> **Problem**: Using the records below, transcribe exactly only the lines from the one with "Historic Photo : Fort" through the end, both included, and drop every picture.

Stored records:
*** Block opens ***
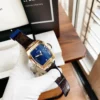 Guess Men's Watch Phoenix GW0386G2 | Watches Prime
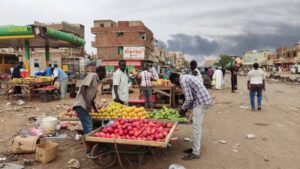 Soudan: Entrée en vigueur d'une énième trêve sur fond de craintes d’une nouvelle violation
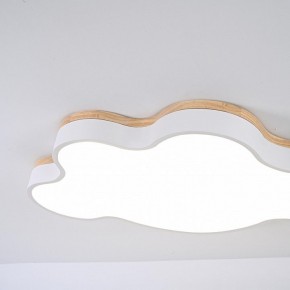 Накладной светильник Imperiumloft CLOUD ECO White CLOUD-ECO01 в Стрежевом - strezevoi.ok-mebel.com | фото 8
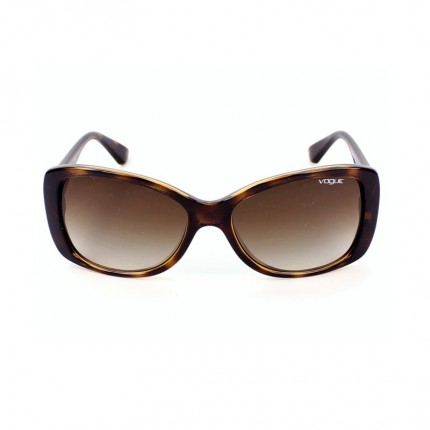 Vogue VO2843S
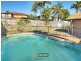 62 Silkwood Street, Algester QLD 4115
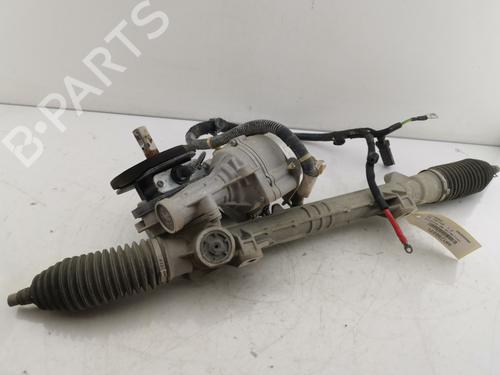 Steering column CITROËN C4 CACTUS 1.2 THP 110 | BP33837580M21 - Image 2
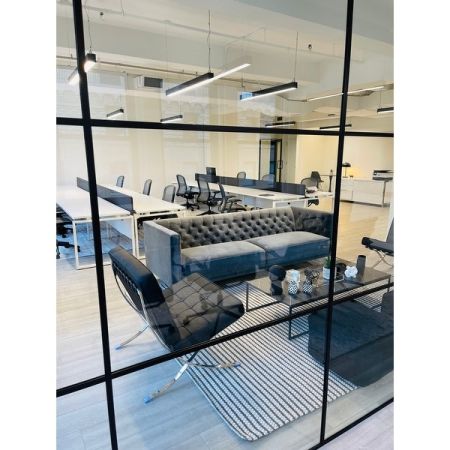 Customer image 8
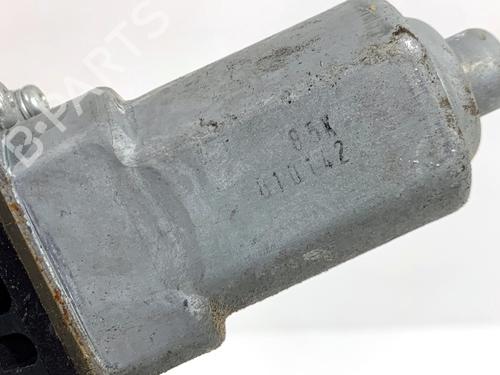 Front left window mechanism HONDA CR-V III (RE_) 2.2 i-CTDi 4WD (RE6) | BP39322100C22 - Image 5
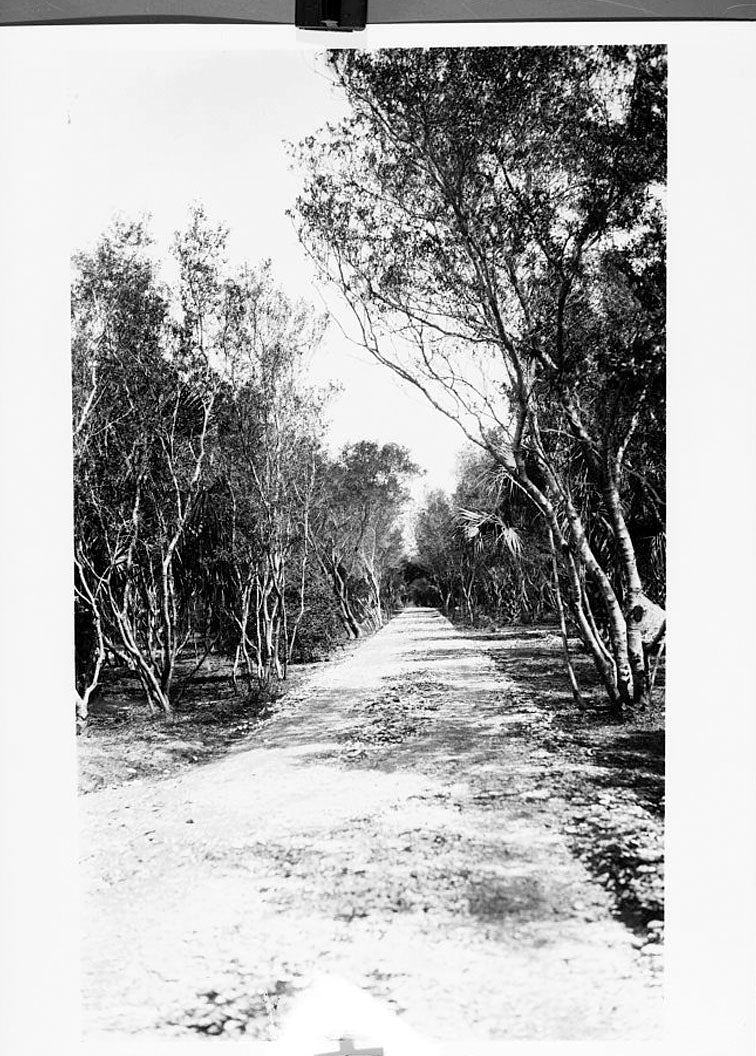 Historic Photo : Fort Pulaski, Cockspur Island, Savannah, Chatham County, GA 52 Photograph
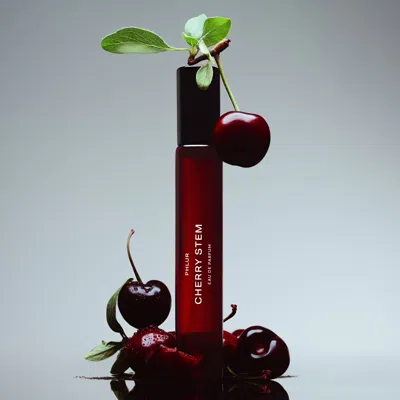 Phlur Cherry Stem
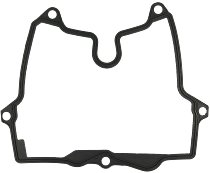 Aprilia Cylinder head gasket 1000 ETV Caponord Rally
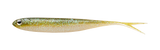 Fish Arrow Flash J Split Heavy Weight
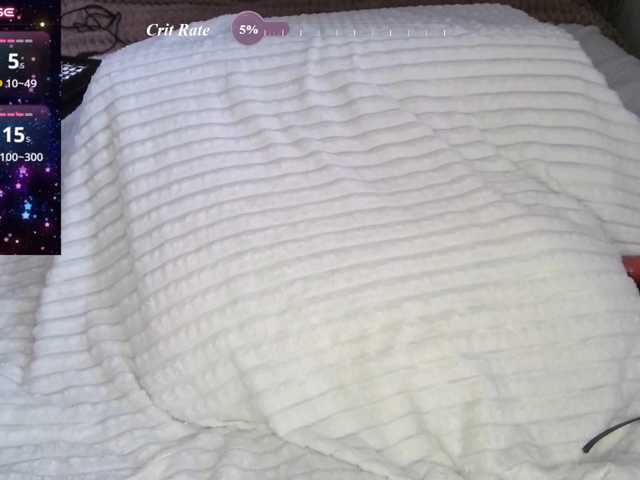 Sweet Ass999 live cam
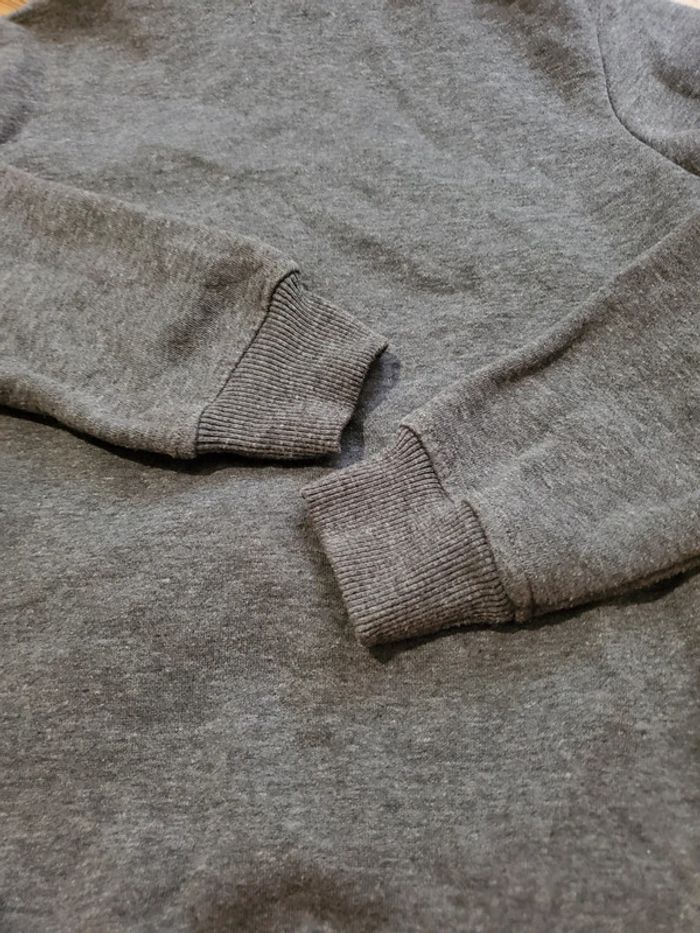 Ensemble survêtement T10ans - photo numéro 11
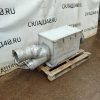 Купить Подогреватель воздуха шумоизолированный 80/50/52 Vent 315 L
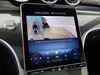 AMG CLE amg coupe 53 premium 4matic+ speedshift mct amg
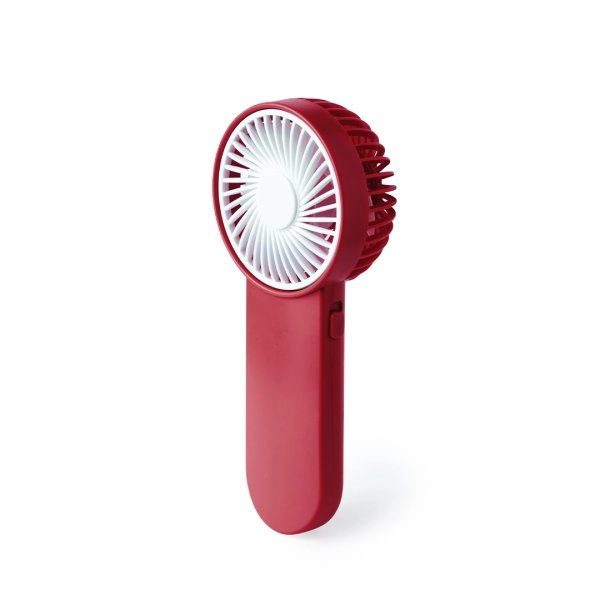 Ventilatore Sartor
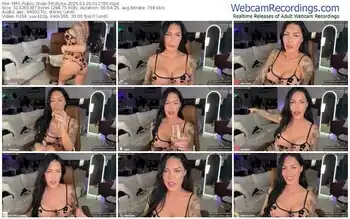 myfreecams-itskylie-03-20-2025-01-27-06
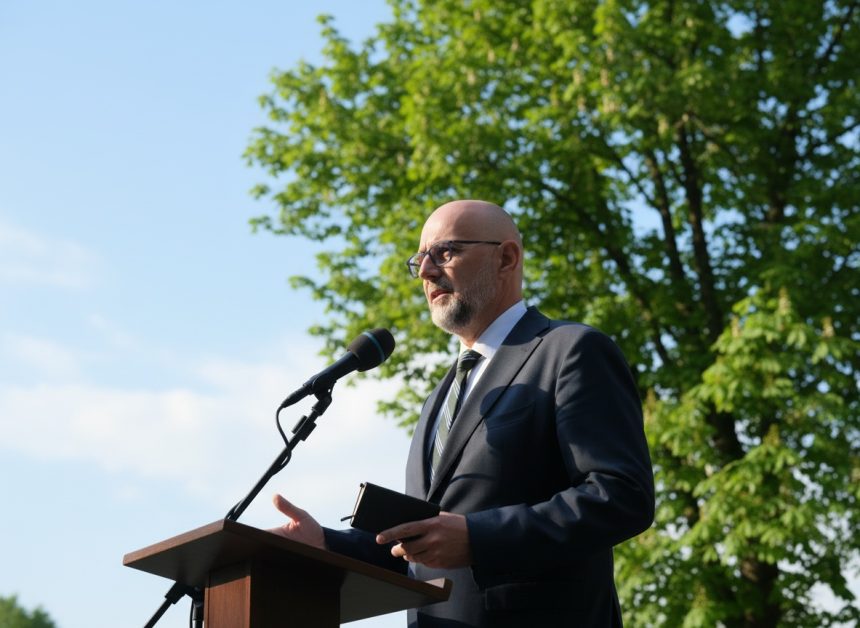 edited kelemen hunor critica proiectul legii salarizarii unitare familiile ocupationale nu au fost gestionate foarte bine in anexe 6a15e9bedeb03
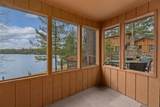 1580 Brandenburg Rd - Photo 57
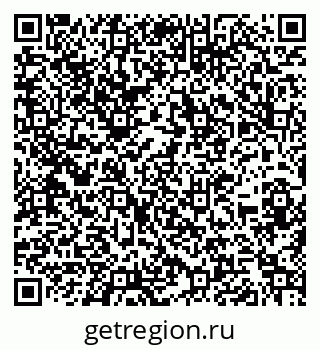 79266193887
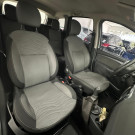 Renault DUSTER Dynamique 1.6 Flex 16V Mec. 2015 Flex-5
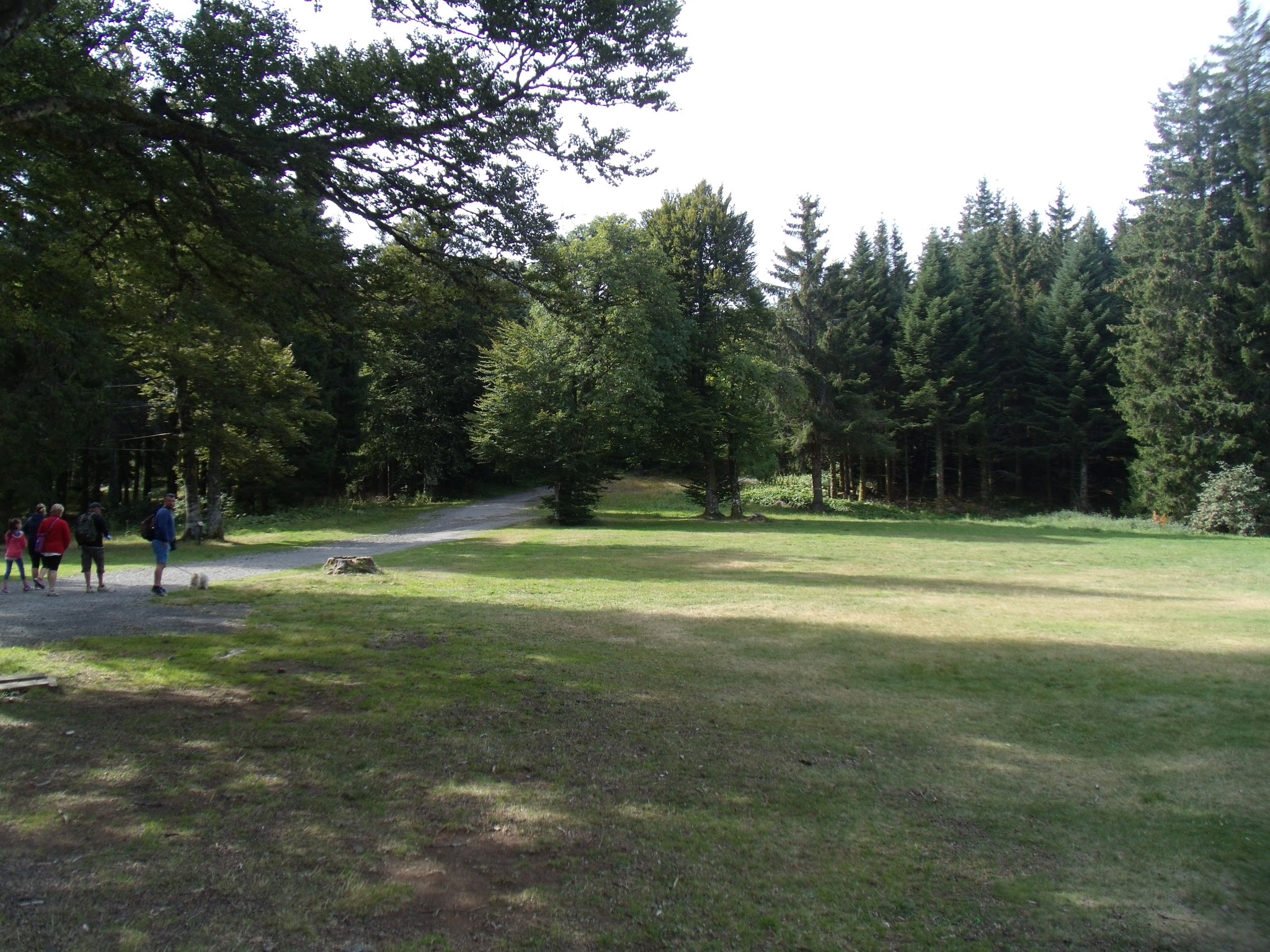 Photo n° 7 de l'avis de olivier.e fait le 03/07/2017 à 19:30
*** Block closes ***
> **Solved exercise**:
 Historic Photo : Fort Pulaski, Cockspur Island, Savannah, Chatham County, GA 52 Photograph
 Phlur Cherry Stem
 Aprilia Cylinder head gasket 1000 ETV Caponord Rally
 Fish Arrow Flash J Split Heavy Weight
 Sweet Ass999 live cam
 Ensemble survêtement T10ans - photo numéro 11
 Купить Подогреватель воздуха шумоизолированный 80/50/52 Vent 315 L
 AMG CLE amg coupe 53 premium 4matic+ speedshift mct amg
 Ventilatore Sartor
 myfreecams-itskylie-03-20-2025-01-27-06
 edited kelemen hunor critica proiectul legii salarizarii unitare familiile ocupationale nu au fost gestionate foarte bine in anexe 6a15e9bedeb03
 1580 Brandenburg Rd - Photo 57
 79266193887
 Renault DUSTER Dynamique 1.6 Flex 16V Mec. 2015 Flex-5
 Photo n° 7 de l'avis de olivier.e fait le 03/07/2017 à 19:30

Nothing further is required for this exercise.